*** Opening PROVIDED MATERIAL ***

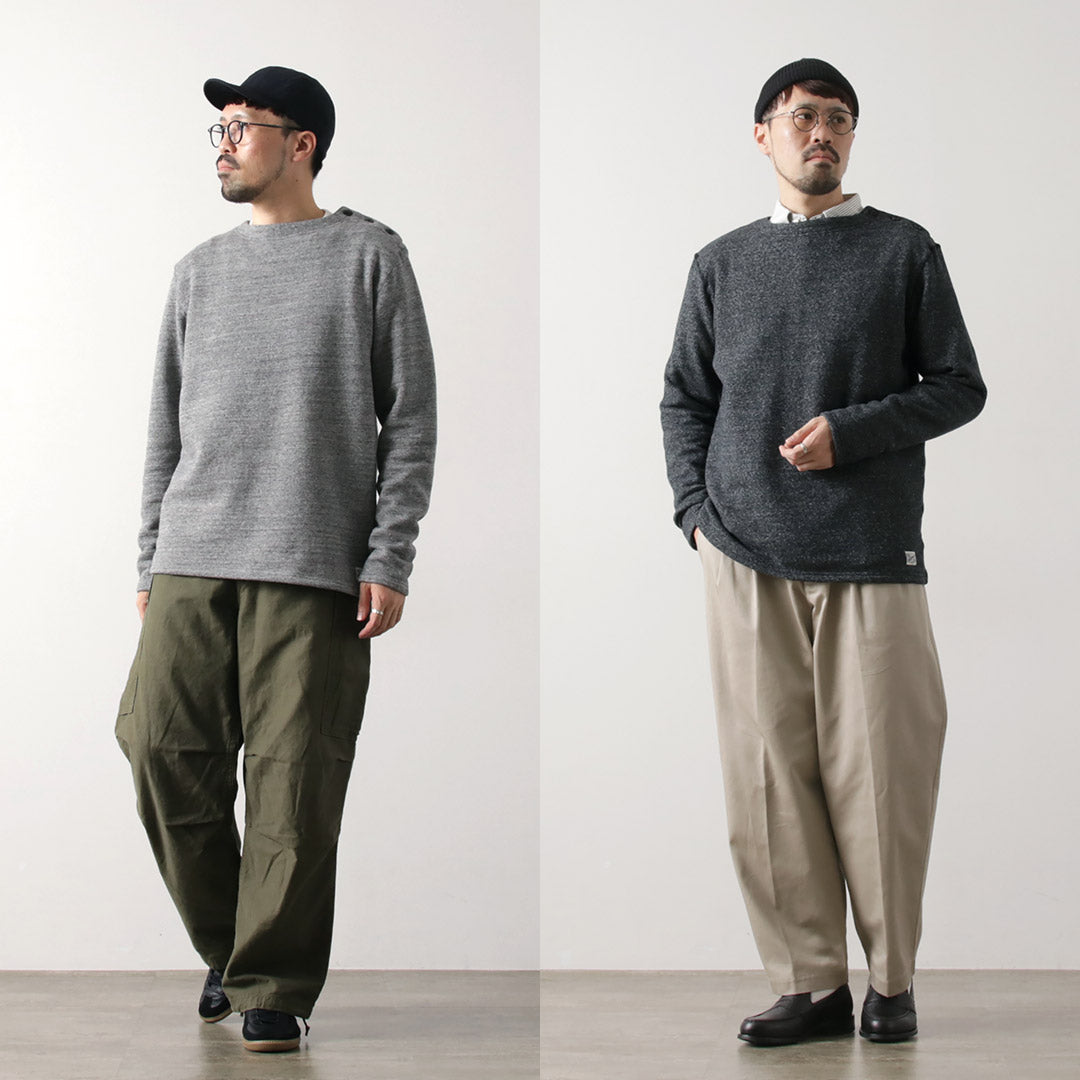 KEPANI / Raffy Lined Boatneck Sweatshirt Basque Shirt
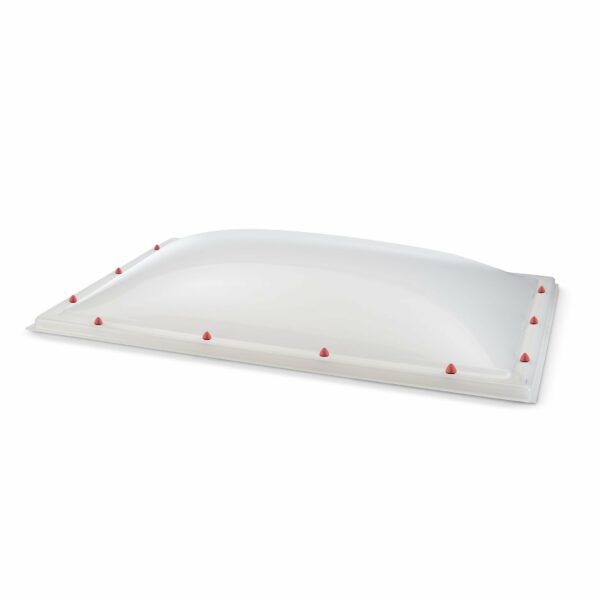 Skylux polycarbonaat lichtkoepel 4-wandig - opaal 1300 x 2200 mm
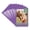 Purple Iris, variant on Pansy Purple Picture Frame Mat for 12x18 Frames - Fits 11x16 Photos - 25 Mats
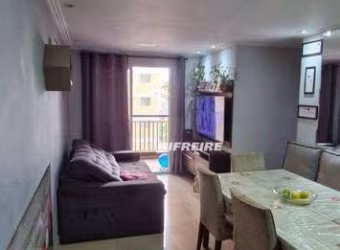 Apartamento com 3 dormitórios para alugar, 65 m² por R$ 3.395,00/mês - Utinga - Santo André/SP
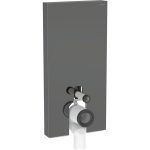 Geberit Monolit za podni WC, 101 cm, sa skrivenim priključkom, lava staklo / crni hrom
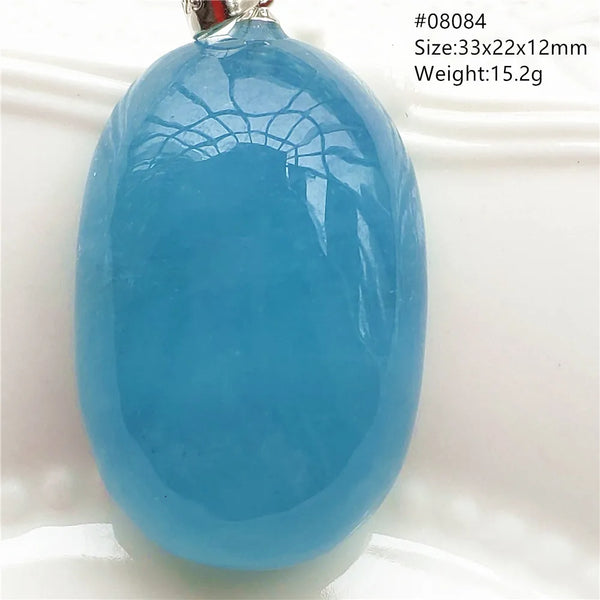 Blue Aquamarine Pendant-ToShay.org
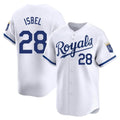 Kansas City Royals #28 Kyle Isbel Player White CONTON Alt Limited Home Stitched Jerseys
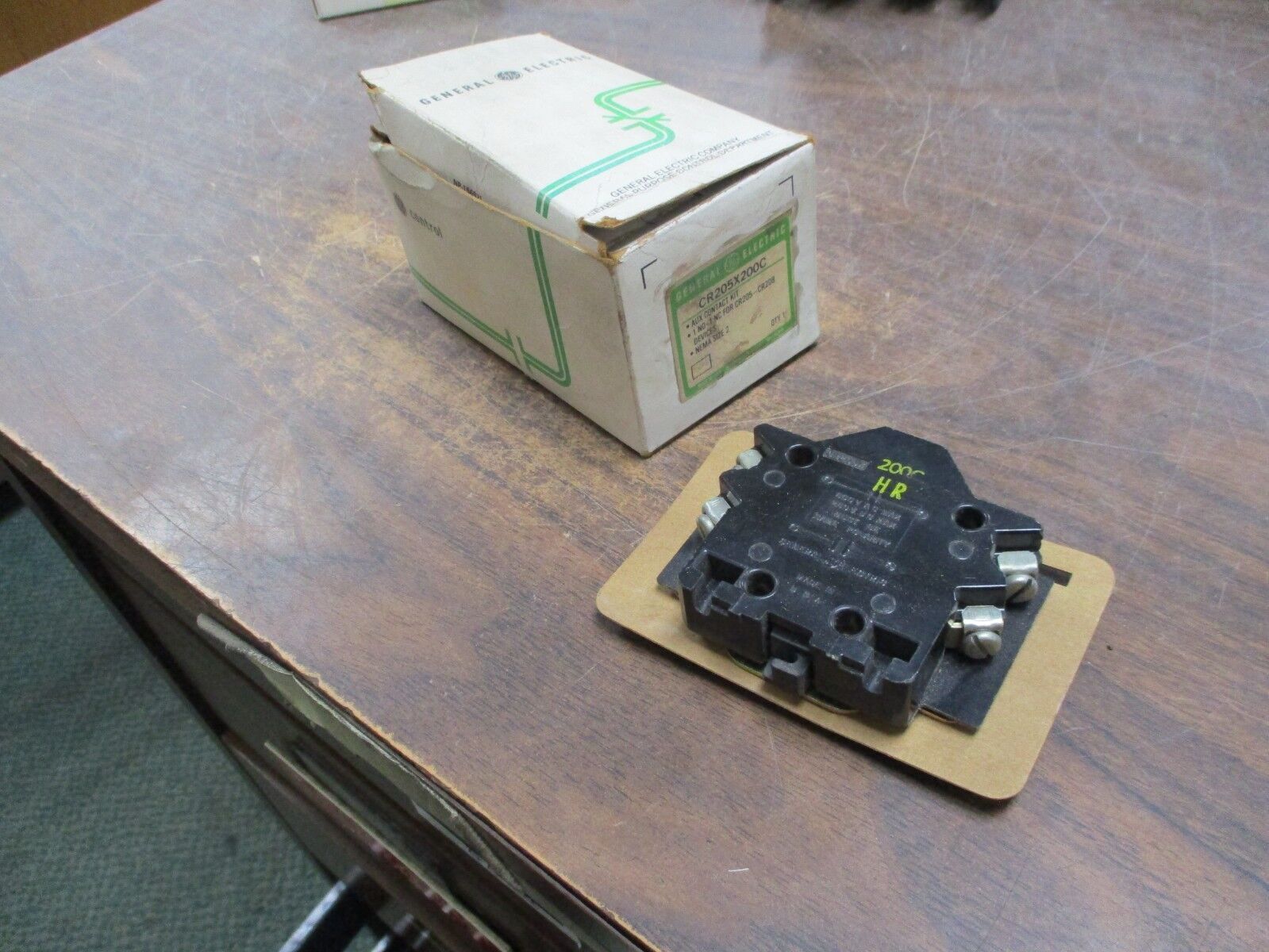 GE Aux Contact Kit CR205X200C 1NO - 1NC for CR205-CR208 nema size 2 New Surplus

*** Closing PROVIDED MATERIAL ***

_EXERCISE INSTRUCTIONS_: The expected output is the lines above from the one containing "Skylux polycarbonaat lichtkoepel" to the one containing "Kansas City Royals", both ends included, reproduced exactly with every picture left out.

_SOLUTION TO THIS TASK_:
 Skylux polycarbonaat lichtkoepel 4-wandig - opaal 1300 x 2200 mm
 Purple Iris, variant on Pansy Purple Picture Frame Mat for 12x18 Frames - Fits 11x16 Photos - 25 Mats
 Apartamento com 3 dormitórios para alugar, 65 m² por R$ 3.395,00/mês - Utinga - Santo André/SP
 Geberit Monolit za podni WC, 101 cm, sa skrivenim priključkom, lava staklo / crni hrom
 Blue Aquamarine Pendant-ToShay.org
 Kansas City Royals #28 Kyle Isbel Player White CONTON Alt Limited Home Stitched Jerseys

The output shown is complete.